The house was erected in 1835 by Captain Sylvester F. Atwood who operated the "Lady of the Lake" which carried cargo by river from Detroit to Mount Clemens. Originally the house was located on the east side of Gratiot Avenue just a few lots south of Shelby Road (now Cass Avenue).
During the nineteenth century the house had a number of owners including August Kimritz, a cigar manufacturer who operated his business in the adjoining building, and Edgar Weeks, a United States Congressman, who, according to various accounts, purchased the house in the late nineteenth century as a sentimental gesture for his wife. Congressman Weeks moved the house to its present location on Moross, then a part of the Ignace Moross farm.
In the twentieth century the house underwent several remodeling and redecorating projects. When Mark and Mabel Alpern purchased it in 1939, they made structural changes which joined the past and present as authentically as possible. The C. Bernard McGhees purchased the home in 1954 following the death of Mark Alpern. Several years later the McGhees redecorated the interior and installed an 1885 wrought iron fence manufactured in Canada.

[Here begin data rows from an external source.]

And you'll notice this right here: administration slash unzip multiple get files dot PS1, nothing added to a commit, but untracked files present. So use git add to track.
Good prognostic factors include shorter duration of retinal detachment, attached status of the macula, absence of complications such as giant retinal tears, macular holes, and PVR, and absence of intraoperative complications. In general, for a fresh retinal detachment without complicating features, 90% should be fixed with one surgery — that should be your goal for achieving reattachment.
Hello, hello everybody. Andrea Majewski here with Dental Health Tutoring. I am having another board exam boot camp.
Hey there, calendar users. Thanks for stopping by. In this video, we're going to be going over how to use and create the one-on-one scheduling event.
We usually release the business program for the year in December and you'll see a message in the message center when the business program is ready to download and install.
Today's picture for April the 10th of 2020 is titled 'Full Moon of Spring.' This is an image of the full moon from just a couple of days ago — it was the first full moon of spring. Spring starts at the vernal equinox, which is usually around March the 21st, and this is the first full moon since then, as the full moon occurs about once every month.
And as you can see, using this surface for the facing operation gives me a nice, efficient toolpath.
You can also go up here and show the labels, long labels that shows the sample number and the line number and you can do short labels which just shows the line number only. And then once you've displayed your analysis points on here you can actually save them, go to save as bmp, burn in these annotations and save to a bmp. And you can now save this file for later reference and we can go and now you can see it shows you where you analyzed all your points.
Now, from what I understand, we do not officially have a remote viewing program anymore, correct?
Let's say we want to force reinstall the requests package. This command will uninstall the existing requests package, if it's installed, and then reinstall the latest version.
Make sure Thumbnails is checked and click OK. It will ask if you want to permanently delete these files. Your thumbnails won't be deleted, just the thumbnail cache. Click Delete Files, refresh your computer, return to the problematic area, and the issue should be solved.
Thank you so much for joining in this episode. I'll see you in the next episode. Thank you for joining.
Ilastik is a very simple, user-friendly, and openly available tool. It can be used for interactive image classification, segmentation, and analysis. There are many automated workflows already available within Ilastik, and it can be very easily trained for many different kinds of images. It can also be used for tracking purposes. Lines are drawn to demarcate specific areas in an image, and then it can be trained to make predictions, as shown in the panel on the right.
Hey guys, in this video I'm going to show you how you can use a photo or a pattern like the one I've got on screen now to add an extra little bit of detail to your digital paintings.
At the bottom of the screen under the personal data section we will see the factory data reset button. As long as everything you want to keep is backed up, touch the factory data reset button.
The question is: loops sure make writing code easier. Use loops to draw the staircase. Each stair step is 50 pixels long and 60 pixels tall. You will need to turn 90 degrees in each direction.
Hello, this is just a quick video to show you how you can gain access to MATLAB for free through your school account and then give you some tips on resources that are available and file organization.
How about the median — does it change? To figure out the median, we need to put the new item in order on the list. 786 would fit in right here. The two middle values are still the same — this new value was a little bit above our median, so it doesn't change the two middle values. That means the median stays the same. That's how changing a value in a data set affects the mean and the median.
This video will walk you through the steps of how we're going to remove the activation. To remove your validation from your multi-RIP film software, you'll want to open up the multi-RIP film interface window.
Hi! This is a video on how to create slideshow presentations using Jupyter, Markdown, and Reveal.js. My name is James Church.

One of the outstanding features of the house is its large front porch with two story Doric columns characteristic of the Greek Revival style. The dark green shutters and blue ceilings of the porches are also typical ornamental touches. The basement has supporting beams of hand-hewn black walnut. Quarter-sawn oak makes up the flooring downstairs while the original twenty inch wide planks remain upstairs. The garage was once a two story barn located at the rear of the property. The current owners are Mike and Julie Laforge who purchased the property from C. Bernard McGhee in 1998.